A Turquia, embora seja aliada dos Estados Unidos, tem fortes ligações com o Irã. Ancara critica os esforços ocidentais para impor novas sanções contra o Irã por causa de seu programa nuclear. O Irã é um importante fornecedor de gás natural para a Turquia e os dois lados trabalham para aumentar as trocas comerciais entre os dois países, que atualmente é de US$ 10 bilhões por ano.

O chefe de polícia de Kayseri disse que as restrições aos iranianos são para sua própria proteção. “Eles são livres aqui”, disse ele, falando em condição de anonimato por causa das regras da polícia. “Mas para sua própria segurança pessoal, eles não podem ser entrevistados por jornalistas.”

Alguns refugiados afirmam que são molestados por agentes da inteligência iraniana em território turco. Trabalhadores pelos direitos humanos dizem que a inteligência iraniana se infiltrou na comunidade de refugiados, o que deu início a um forte clima de suspeita.

Hami Taghavi, um professor universitário de 40 anos que fugiu pouco depois pouco depois que as perseguições tiveram início, disse que ele e sua família tentam evitar outros iranianos. “Não confiamos em outros iranianos. Tomamos o cuidado de encontrar um apartamento onde não houvesse iranianos por perto”, disse ele.

Agora, ele só quer descansar, depois de repetidas prisões no Irã por causa de suas atividades contrárias ao governo, dentre elas aparições regulares em emissoras língua persa da BBC e da Voz da América. Ele disse que foi torturado na cadeia e que agora tem problemas para controlar o movimento de seus braços e pernas.

“Eu acordo durante a noite sentindo como se alguém estivesse chutando meu estômago”, disse Taghavi, que também liderava uma associação independente de professores de oposição no Irã.

Sua mulher, Mehrvash Dadashian, de 35 anos, tinha um blog bastante popular no Irã, que foi fechado. Ela planeja fazer um novo, mas sua principal preocupação agora é a vida da família, incluindo se a filha de seis anos, Yasna, poderá ir para a escola em setembro.

“Eu vivo o presente. Eu não penso sobre o passado ou fico preocupada com o futuro”, disse ela. “É tranquilo aqui.. estávamos acostumados a quase ter um ataque do coração 20 vezes por dia no Irã, a cada fez que eles vinham à nossa porta para nos levar embora”.
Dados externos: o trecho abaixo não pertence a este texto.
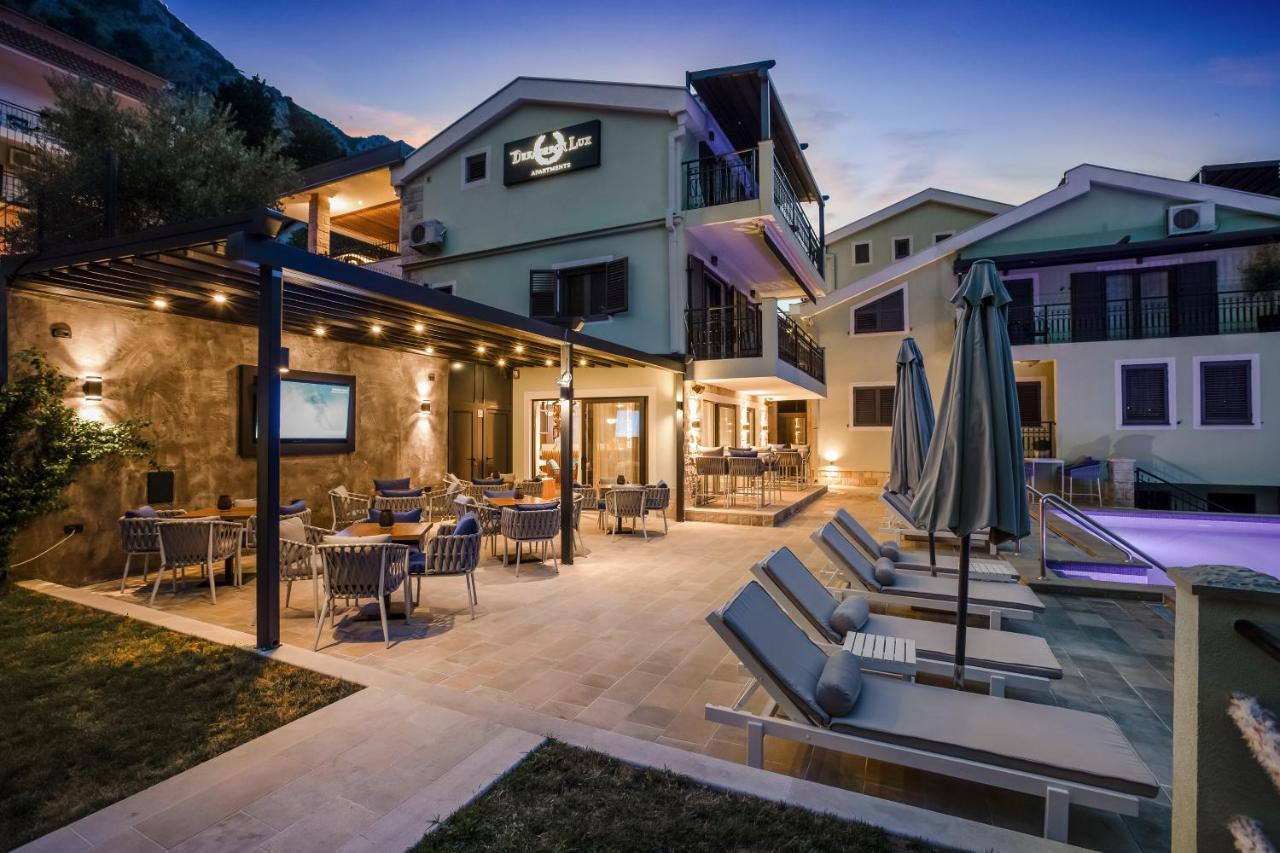 Dekaderon Lux Apartments Kotor Exterior foto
Apesar dos obstáculos, a ativista reformista Saadat disse que está determinada a manter seu trabalho político, fazendo campanha pelos direitos das mulheres iranianas e escrevendo para o Comitê de Repórteres pelos Direitos Humanos, uma entidade civil iraniana que luta pelos direitos humanos no país.“Eu não sou uma imigrante. Eu vim para cá para continuar meu trabalho”, disse Saadat. Após meses de repressão, os ativistas pelas reformas no Irã estão todos escondidos, na cadeia ou no exílio, disse ela.

“Quando deixamos nosso país, deixamos para trás todos nosso passado, nossos amores, memórias, o resumo de nossas vidas”.